Mark Krinock, a neurosurgeon from Kalamazoo, asked me something via email yesterday that I’ve heard people asking for many years. “I am curious how the state of education can be in such dire straits when the lottery has contributed over $7 billion over the last ten years to the education system.” Dr. Krinock is a big supporter of public education, and is puzzled by this.

Why hasn’t the lottery taken care of education?

That’s a very good question. By the way, a lot of people think the legislature cynically diverted the money they used to spend on education and replaced it with lottery money.

That’s not, however, true. The lottery money does get to the schools, and the lottery indeed raises hundreds of millions for Michigan public schools every year.

But education costs billions. Last year, the lottery raised a record $924 million dollars for education. But the state’s total school aid fund was a little less than $13 billion dollars.

That means lottery revenue amounted to a little less than 7.5 percent of the total. Lottery revenue is nice, but makes up just a tiny amount of what it costs to educate students.

Whether we have an ideal system for funding education is another question. But since Proposal A was passed in 1994, schools have gotten an annual per-pupil grant from the state that is supposed to fund the bulk of education costs.

However, it doesn’t cover everything, and though school districts are now limited in the amount of supplemental funding they can appropriate through property tax millages, they still need to raise some funds that way. They also can still ask their citizens to approve bond proposals for projects like constructing and renovating school buildings.

Today, 35 school districts across Michigan will be doing just that, and dozens more will be seeking to renew, or in a few cases increase, millages that help keep schools operating.

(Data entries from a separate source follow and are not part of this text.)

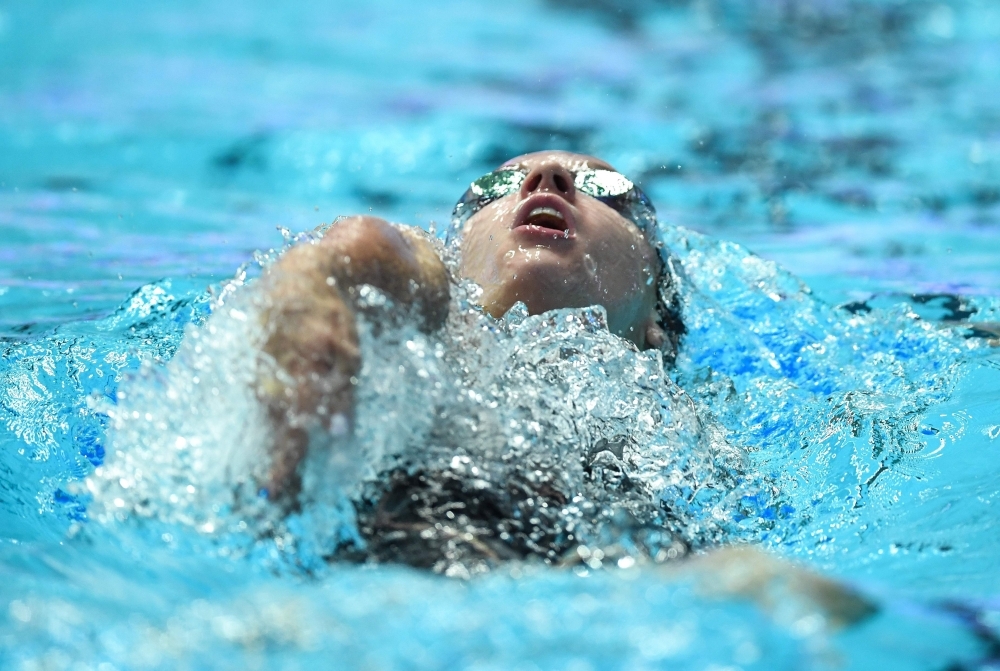 Gold medalist  USA's Simone Manuel (C), silver medalist (L) Australia's Cate Campbell (L0 and bronze medalist Sweden's Sarah Sjoestroem (R) pose after the final of the women's 100m freestyle event during the swimming competition at the 2019 World Championships at Nambu University Municipal Aquatics Center in Gwangju, South Korea, on Friday. — AFP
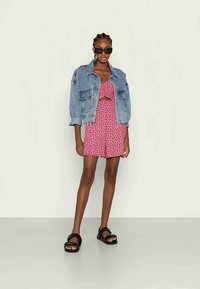 Jaqueta de ganga sobre um top curto floral rosa e calções combinando, acompanhada de sandálias pretas. O conjunto apresenta um design casual e um corte descontraído.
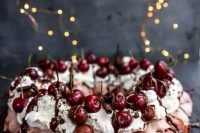 129 a blush pavlova wreath topped with whipped cream, chocolate drip, chocolate sticks and cherries is a lovely idea for a summer or fall wedding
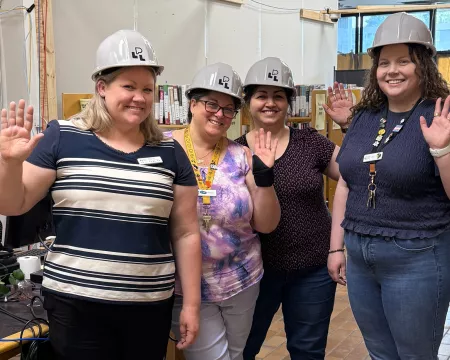 Staff stand in the Sherwood Pop-Up Library waving goodbye.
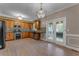 Well-lit kitchen featuring stainless steel appliances, granite countertops, and french doors leading to outdoor deck at 1093 Third St, Stone Mountain, GA 30083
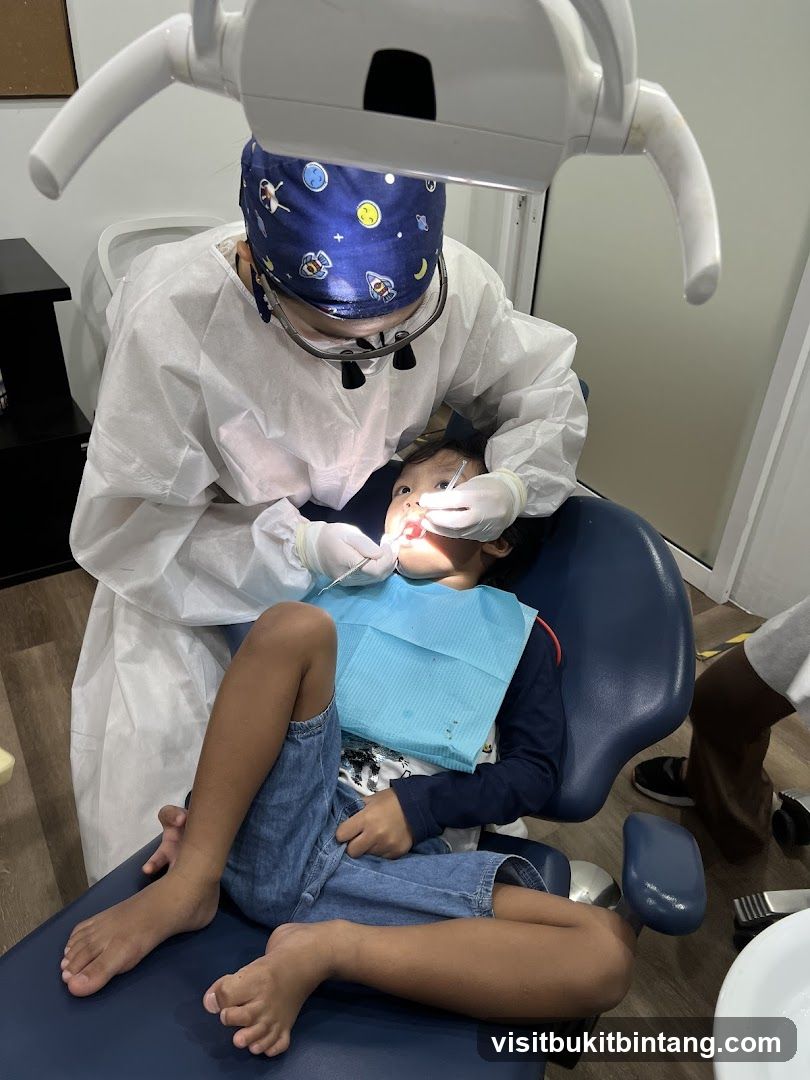 Dentist examining a child's teeth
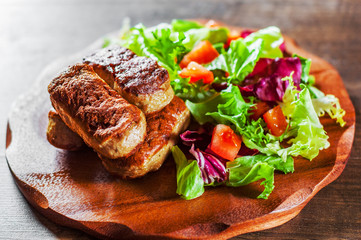 roasted sausages and various fresh mix salad leaves with tomato in plate on wooden table background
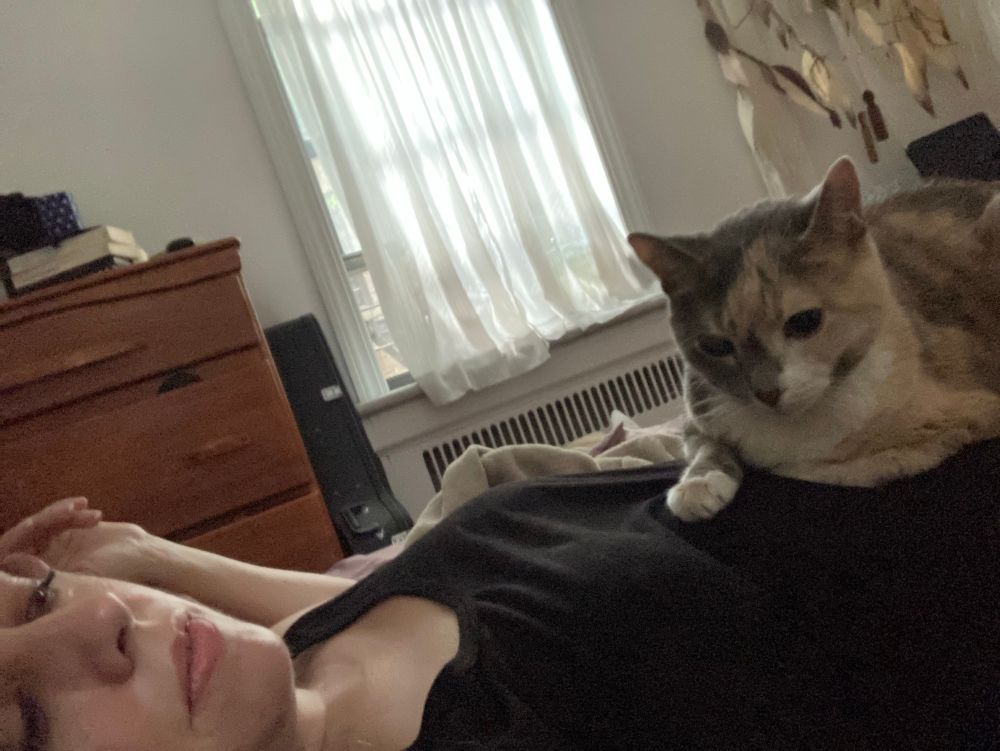 my friend fee, hanging out on my tummy one sunny sunday a few years ago. 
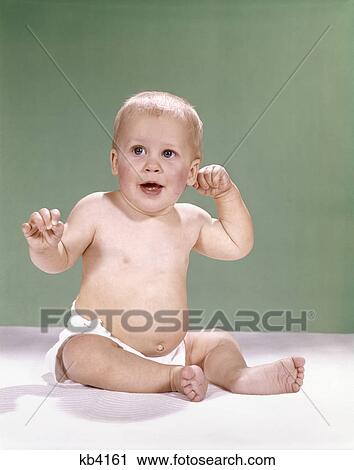 1960s baby wearing diaper sitting on pink blanket mouth open hand touching ear View Large Photo Image Stock Image - 1960s baby wearing diaper sitting on pink blanket mouth open hand touching ear. Fotosearch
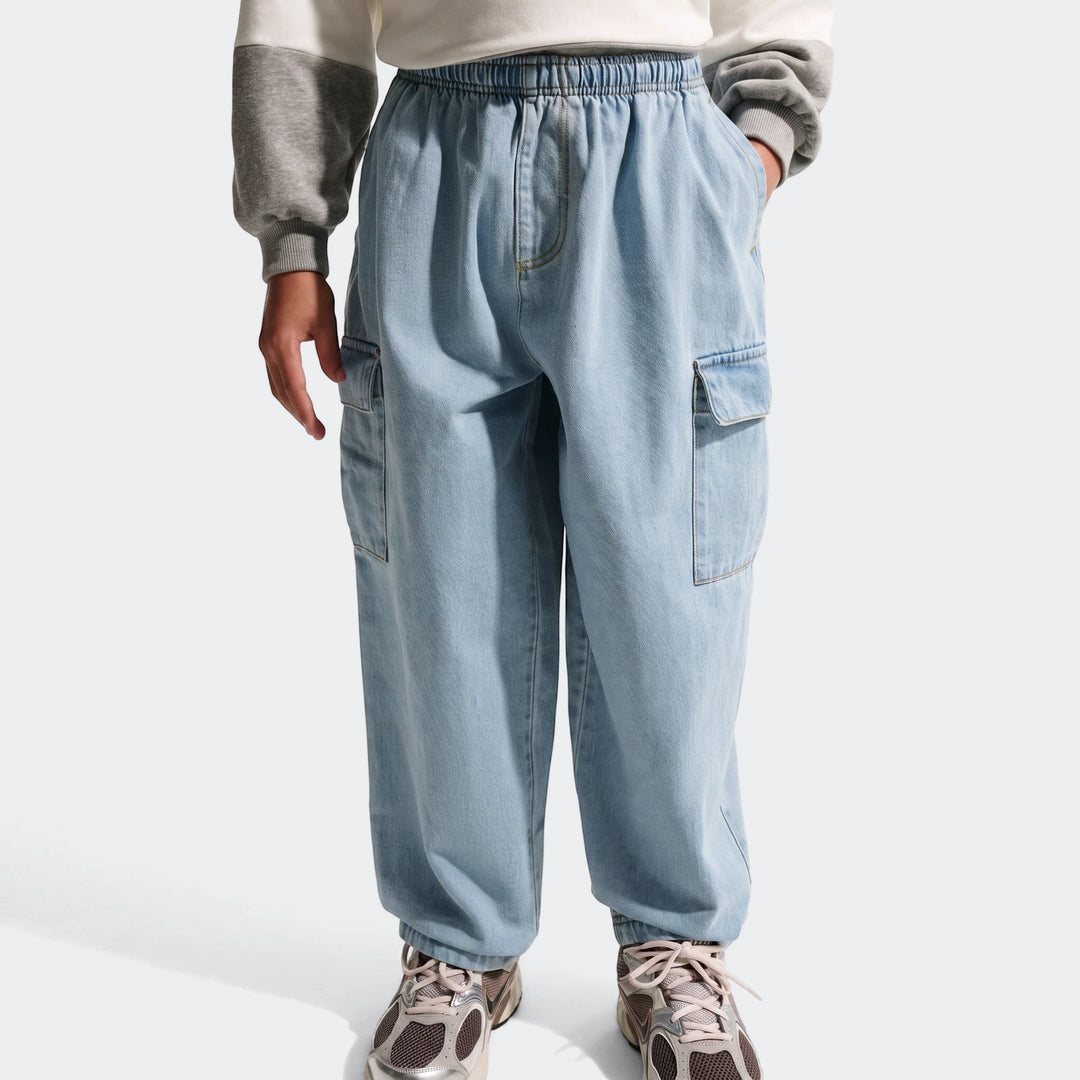 A person wearing light blue denim cargo pants with an elastic waist, visible cargo pockets, and sneakers, shot from the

In Dr. Krinock’s own Kalamazoo, for example, the schools are asking voters to approve an almost $97 million dollar bond proposal for school construction and technology upgrades.

Not far away, Jackson public schools are asking for almost $87 million, and smaller but still significant amounts are being sought by school systems from Cadillac to Charlevoix.

Not every school district in Michigan has something on the ballot today. These school funding elections get little publicity, and even fewer of us than usual will vote today.

I don’t remember offhand who the legislators from Jackson are.

But I’d bet the bond issue to renovate aging school buildings is far more important to Jackson’s future than who the voters send to Lansing this fall.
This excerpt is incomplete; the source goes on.